[Dataset entries]
╭──

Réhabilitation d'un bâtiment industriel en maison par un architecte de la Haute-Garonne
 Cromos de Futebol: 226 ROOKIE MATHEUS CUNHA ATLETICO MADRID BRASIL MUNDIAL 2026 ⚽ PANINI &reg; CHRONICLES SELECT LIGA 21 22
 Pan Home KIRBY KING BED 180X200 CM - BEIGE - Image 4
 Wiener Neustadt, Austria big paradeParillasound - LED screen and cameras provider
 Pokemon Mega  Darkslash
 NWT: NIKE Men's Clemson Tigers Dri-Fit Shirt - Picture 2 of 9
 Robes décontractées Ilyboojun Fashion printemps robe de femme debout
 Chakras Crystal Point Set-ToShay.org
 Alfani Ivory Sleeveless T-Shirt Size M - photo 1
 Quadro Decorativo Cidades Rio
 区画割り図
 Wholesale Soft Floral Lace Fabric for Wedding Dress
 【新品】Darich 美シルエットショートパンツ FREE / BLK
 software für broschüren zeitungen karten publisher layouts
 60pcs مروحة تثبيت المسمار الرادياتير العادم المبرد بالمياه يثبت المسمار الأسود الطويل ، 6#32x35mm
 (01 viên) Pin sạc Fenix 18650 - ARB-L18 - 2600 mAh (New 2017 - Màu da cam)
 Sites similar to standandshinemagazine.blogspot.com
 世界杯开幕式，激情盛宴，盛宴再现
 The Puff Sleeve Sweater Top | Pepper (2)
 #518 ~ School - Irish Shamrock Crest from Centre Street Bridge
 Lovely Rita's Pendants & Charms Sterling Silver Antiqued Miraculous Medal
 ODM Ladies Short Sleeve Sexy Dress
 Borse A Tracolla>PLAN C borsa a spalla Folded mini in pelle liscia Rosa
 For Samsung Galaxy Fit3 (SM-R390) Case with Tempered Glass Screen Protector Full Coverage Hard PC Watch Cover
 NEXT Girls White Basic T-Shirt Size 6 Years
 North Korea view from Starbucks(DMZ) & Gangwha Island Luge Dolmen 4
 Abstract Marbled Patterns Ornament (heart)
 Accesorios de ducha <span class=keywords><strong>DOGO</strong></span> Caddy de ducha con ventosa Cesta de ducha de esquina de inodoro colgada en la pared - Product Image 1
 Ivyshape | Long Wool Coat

╰──

• **Exercise requirements**: Count every line in the records that holds "Size" and give that count by itself.

• **Answer to the problem**: 2